Task material:

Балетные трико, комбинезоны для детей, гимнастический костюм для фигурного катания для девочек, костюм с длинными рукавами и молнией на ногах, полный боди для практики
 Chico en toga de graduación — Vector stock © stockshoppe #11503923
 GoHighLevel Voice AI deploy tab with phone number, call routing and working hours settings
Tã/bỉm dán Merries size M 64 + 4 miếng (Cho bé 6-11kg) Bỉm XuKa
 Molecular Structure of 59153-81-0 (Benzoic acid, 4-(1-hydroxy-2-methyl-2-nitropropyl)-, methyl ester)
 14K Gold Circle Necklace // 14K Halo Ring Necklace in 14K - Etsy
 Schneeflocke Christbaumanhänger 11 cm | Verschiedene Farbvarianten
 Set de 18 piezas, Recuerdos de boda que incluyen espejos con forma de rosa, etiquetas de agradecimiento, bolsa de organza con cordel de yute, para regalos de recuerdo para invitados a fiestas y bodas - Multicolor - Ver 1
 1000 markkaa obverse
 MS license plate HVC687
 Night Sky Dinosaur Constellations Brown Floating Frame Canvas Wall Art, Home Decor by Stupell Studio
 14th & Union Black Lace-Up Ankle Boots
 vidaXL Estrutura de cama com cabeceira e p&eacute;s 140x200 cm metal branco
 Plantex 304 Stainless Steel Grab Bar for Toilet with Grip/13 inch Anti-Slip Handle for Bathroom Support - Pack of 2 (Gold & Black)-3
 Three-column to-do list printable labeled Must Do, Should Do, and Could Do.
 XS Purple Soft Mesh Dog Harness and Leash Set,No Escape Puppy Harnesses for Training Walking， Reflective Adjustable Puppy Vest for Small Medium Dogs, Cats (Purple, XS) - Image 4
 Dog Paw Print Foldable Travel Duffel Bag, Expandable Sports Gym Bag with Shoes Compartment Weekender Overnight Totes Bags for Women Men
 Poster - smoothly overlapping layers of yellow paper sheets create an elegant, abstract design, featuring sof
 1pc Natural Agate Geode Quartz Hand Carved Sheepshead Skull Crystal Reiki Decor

Exercise directions:
From the listing above, return the lines starting at the one with "Night Sky Dinosaur" and ending at the one with "Plantex 304 Stainless", both kept, exactly as they appear and nothing more.

Task response:
 Night Sky Dinosaur Constellations Brown Floating Frame Canvas Wall Art, Home Decor by Stupell Studio
 14th & Union Black Lace-Up Ankle Boots
 vidaXL Estrutura de cama com cabeceira e p&eacute;s 140x200 cm metal branco
 Plantex 304 Stainless Steel Grab Bar for Toilet with Grip/13 inch Anti-Slip Handle for Bathroom Support - Pack of 2 (Gold & Black)-3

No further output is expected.